For example, what if you don't have permissions to modify one of the
specified directories? You can't get any useful work done, so you
should notify the user and exit. An alternative is to produce 50
thousand reports of each file you've got, telling how it succeeded or
failed, over and over.
>
> path = "."
> dirlist = os.listdir(path)
>
> def main(dirlist):
> before = dict([(f, 0) for f in dirlist])
Since dirlist is a path, it's a string. So you're looping through the
characters of the name of the path. I still don't have a clue what the
dict is supposed to mean here.
> while True:
> time.sleep(1) #time between update check
That loop goes forever, so the following code will never run.
> after = dict([(f, None) for f in dirlist])
Once again, you're looping through the letters of the directory name.
Or if dirlist is really a list, and you're deciding that's what it
should be, then of course after will be identical to before.
> added = [f for f in after if not f in before]
> if added:
> f = ''.join(added)
> print('Sucessfully added %s file - ready to validate') %()
> return validate_files(f)
> else:
> return move_to_failure_folder_and_return_error_file(f)
>
>
>
> def validate_files(f):
You completely changed the scope of this function. Why does it still
have an s in its name?
> creation = time.ctime(os.path.getctime(f))
> lastmod = time.ctime(os.path.getmtime(f))
What do timestamps have to do with anything?
> if creation == lastmod and file_len(f) > 0:
> return move_to_success_folder_and_read(f)
How have you decided that the records are all the same length?
> if file_len < 0 and creation != lastmod:
file_len cannot be safely compared to 0, it's a function. If this were
Python 3, it would give you a runtime error for trying.

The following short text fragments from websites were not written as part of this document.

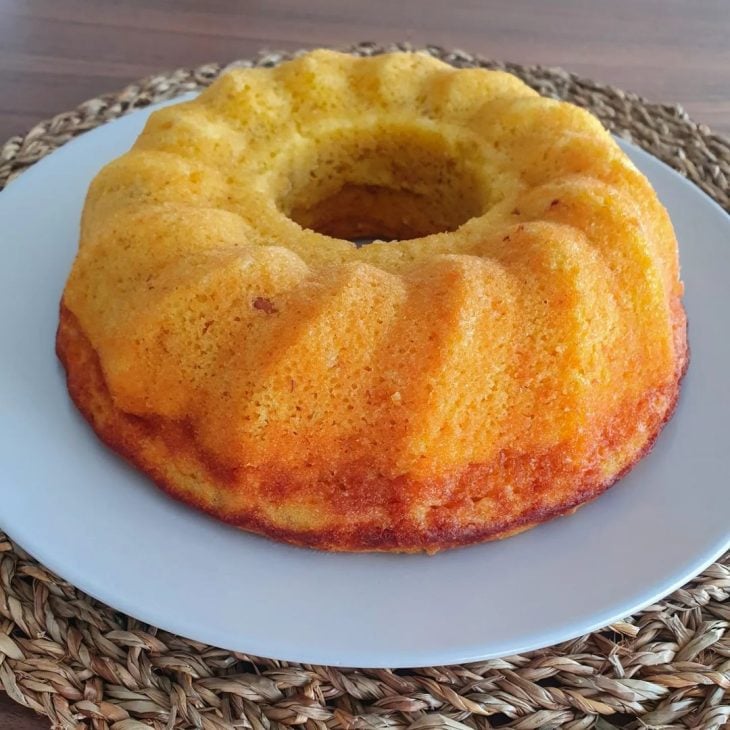 Bolo de laranja com cenoura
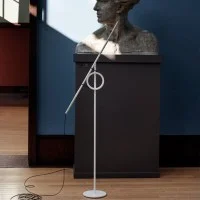 Pallucco Tangent Medium Adjustable LED Dimmable Floor Lamp By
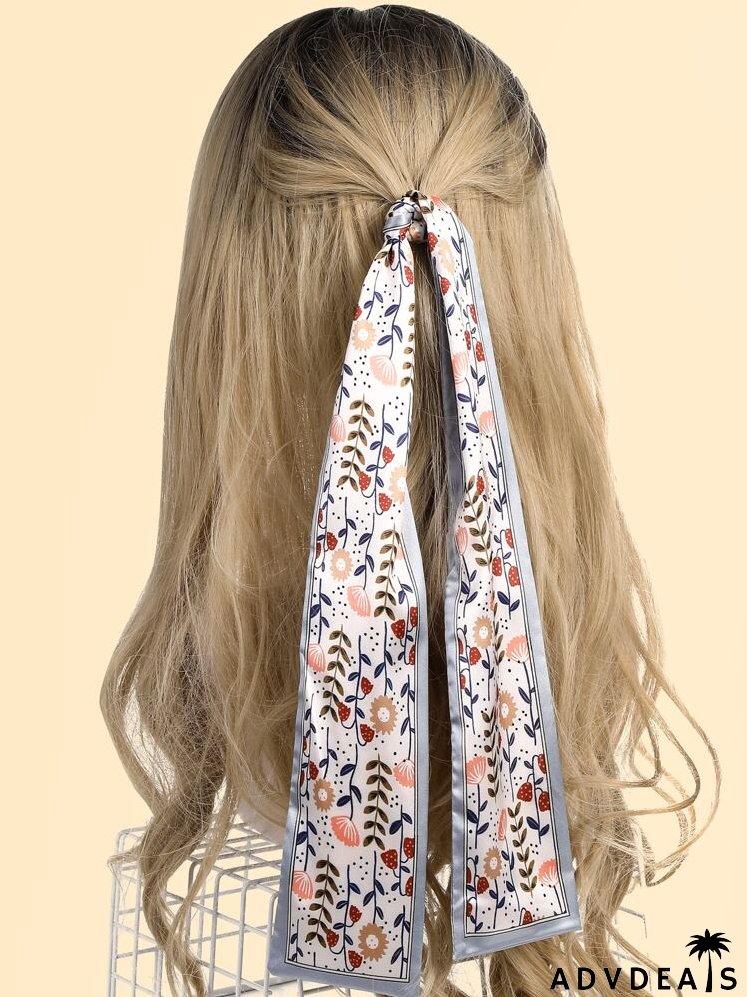 Flower Pattern Hair Tie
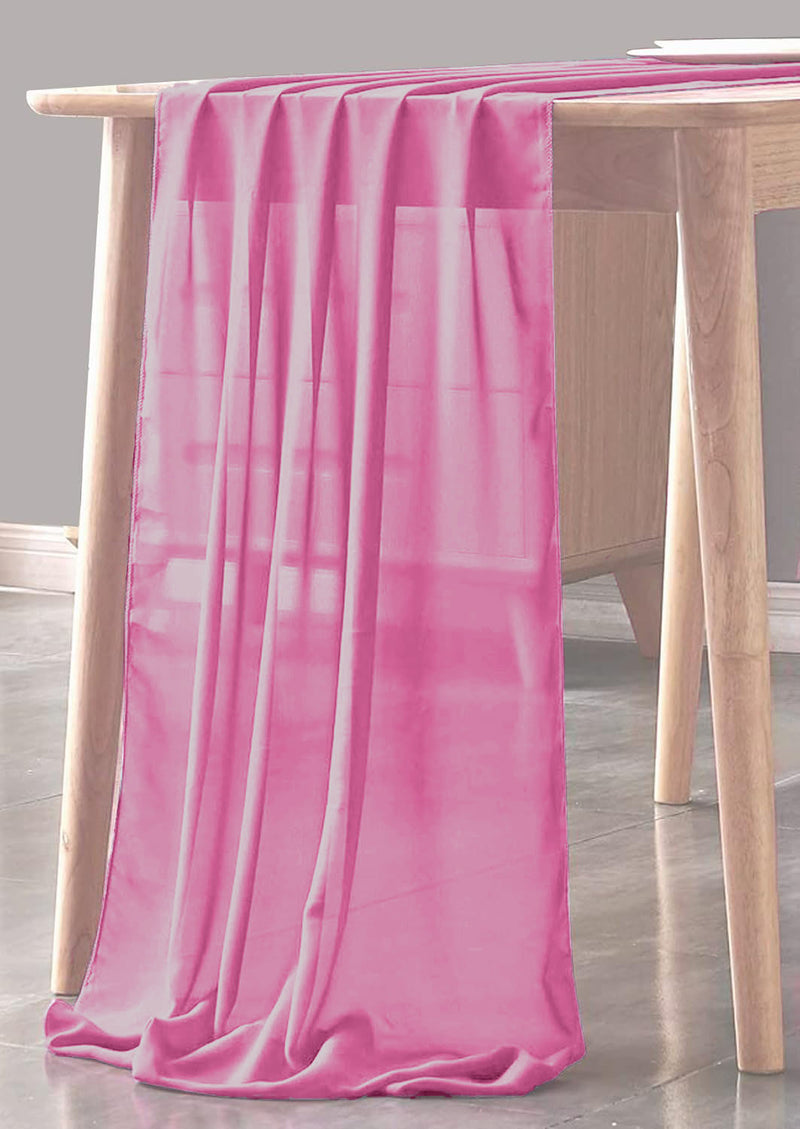 CHIFFON SHEER TABLE RUNNER (14" inches x 120" inches)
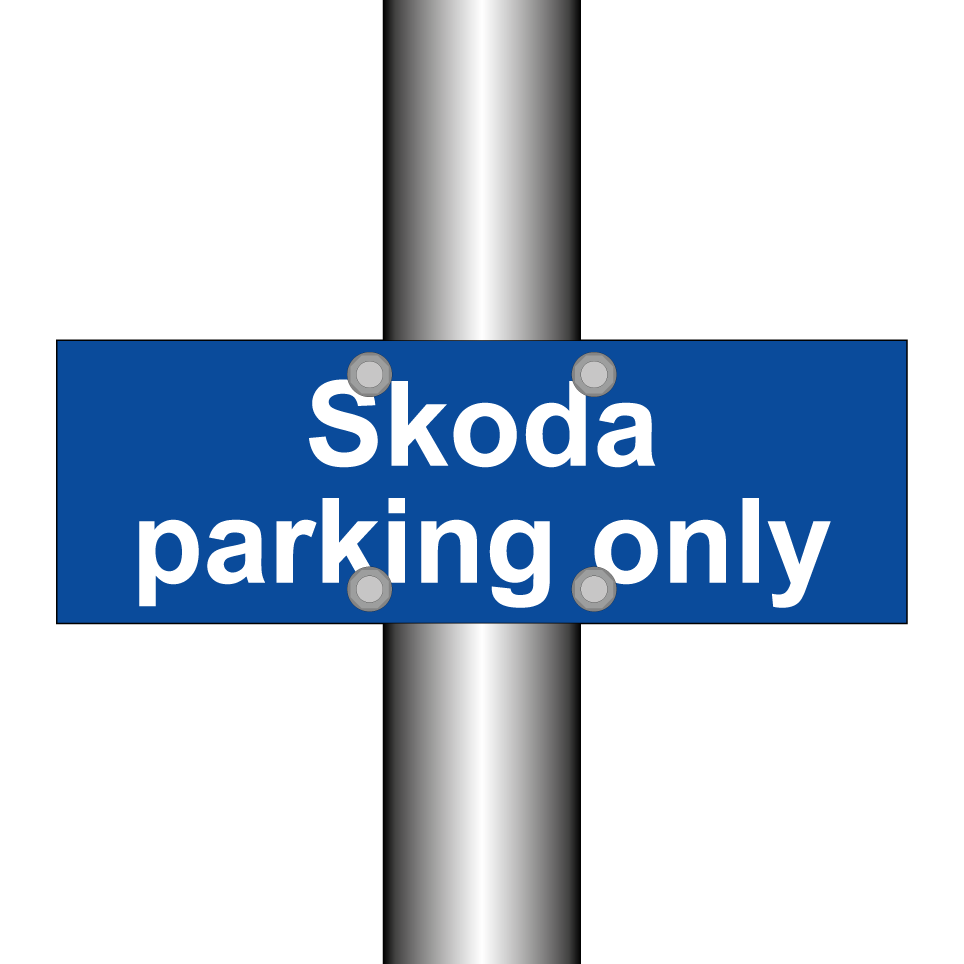 Skoda parking only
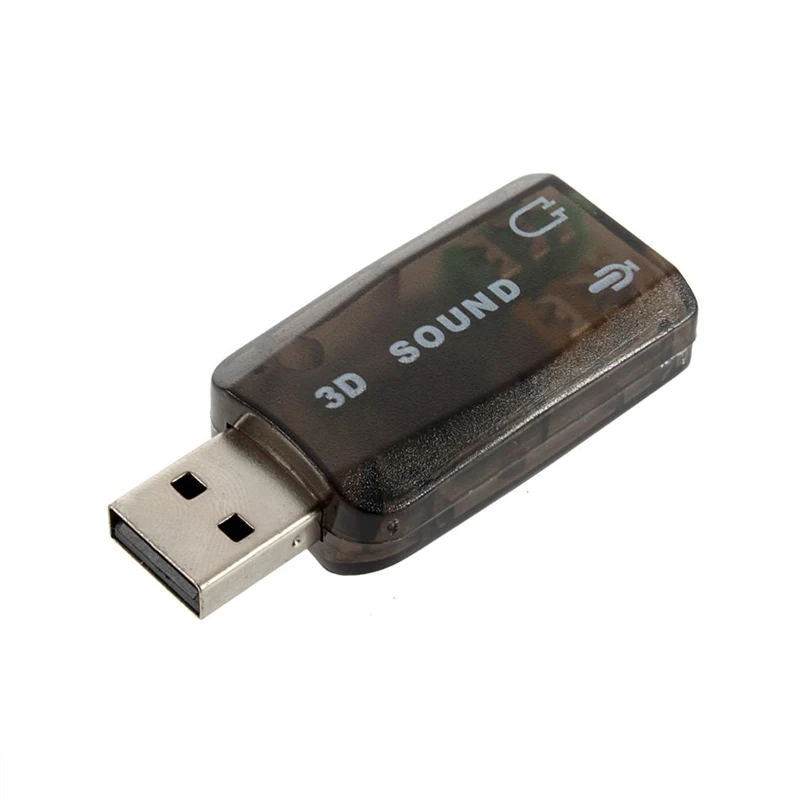 USB аудио Virtual 7 1 2 0 внешний микрофон/аудио колонки карта адаптер для портативных ПК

Even if you had
successfully called the function here, how is it possible for it to
return a negative value?
> return move_to_success_folder_and_read(f)
> else:
> return move_to_failure_folder_and_return_error_file(f)
>
>
> #Potential Additions/Substitutions
>
> def move_to_failure_folder_and_return_error_file():
> filename, rootdir, lastmod, creation, filesize = fileinfo(file)
fileinfo() returns 3 things, and you're stuffing them in 5 variables.
> os.mkdir('Failure')
What do you do the second time through this function, when that
directory is already existing?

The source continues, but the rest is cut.